Tus sueños serán afectados.

– ¿Sueños?

– Serán reales. Por desgracia, no lo sabrás.

– ¿Cómo… cómo funciona eso?

– Mejor de lo que te podrías imaginar -expuso el muchacho sonriendo por primera vez, aunque apenas levemente. Después el rostro le volvió a quedar serio.

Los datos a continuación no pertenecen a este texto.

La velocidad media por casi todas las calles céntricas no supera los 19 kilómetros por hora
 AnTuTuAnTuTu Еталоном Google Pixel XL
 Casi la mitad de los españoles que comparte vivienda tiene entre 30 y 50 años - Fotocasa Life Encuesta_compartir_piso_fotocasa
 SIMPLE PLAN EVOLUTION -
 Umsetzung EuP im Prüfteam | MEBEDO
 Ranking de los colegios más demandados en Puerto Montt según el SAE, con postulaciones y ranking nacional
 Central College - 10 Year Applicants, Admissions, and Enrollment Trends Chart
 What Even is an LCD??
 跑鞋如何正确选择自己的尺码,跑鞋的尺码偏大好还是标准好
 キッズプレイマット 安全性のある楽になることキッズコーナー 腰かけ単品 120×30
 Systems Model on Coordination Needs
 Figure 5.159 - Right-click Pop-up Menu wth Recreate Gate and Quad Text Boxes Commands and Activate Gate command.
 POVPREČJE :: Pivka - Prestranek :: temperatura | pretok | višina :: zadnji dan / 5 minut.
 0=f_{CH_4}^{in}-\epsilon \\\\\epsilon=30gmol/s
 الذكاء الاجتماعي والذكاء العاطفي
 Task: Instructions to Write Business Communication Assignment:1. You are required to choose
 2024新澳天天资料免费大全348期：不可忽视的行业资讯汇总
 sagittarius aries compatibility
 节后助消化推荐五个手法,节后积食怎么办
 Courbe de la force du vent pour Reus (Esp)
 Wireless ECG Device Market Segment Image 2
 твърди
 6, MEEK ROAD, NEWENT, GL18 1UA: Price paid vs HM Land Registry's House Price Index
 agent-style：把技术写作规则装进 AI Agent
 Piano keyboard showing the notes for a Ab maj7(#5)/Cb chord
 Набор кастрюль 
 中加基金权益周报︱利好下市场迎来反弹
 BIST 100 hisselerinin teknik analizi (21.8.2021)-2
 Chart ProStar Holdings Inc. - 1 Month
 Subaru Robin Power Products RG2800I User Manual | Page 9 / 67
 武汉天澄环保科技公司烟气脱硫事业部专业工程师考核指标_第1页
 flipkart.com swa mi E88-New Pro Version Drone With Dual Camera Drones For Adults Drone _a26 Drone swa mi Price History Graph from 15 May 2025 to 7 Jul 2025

– El destino del mundo dependerá de cada decisión que tomes -continuó, mirando hacia el horizonte-. Tú y yo volveremos a hacer historia, Thomas. ¿Es eso lo que quieres?

– Sí.

– Bien -asintió el niño, y volvió a mirar a Thomas-. De todos modos, eso es lo que hago con cada ser humano. Esperemos que tomes las decisiones correctas.

– ¿Qué hay de Chelise?

– Creí que deseabas empezar de nuevo.

La mente se le llenó de confusión.

– Sí, pero… ¿qué hay con Chelise?

– Creí que deseabas salvar a tu hijo -manifestó el muchacho.

– Lo deseo.

– Regresa entonces.

– Sí -contestó Thomas-. A menos que haya otra manera.

– No que yo sepa. Y conozco muchísimas.

Thomas volvió a pensarlo, y tomó rápidamente la decisión. De modo impulsivo.

– Sí. Envíame de vuelta. Por el bien de mi hijo.

– Entonces sumérgete, amigo mío -expresó el niño haciéndose a un lado y guiñando un ojo.

– ¿Sumergirme? -preguntó Thomas mirando el cristalino estanque-. ¿Aquí?

– A la profundidad -confirmó el niño.

Thomas aspiró hondo, asintió al muchacho, y se sumergió en lo profundo. Muy, pero muy profundo.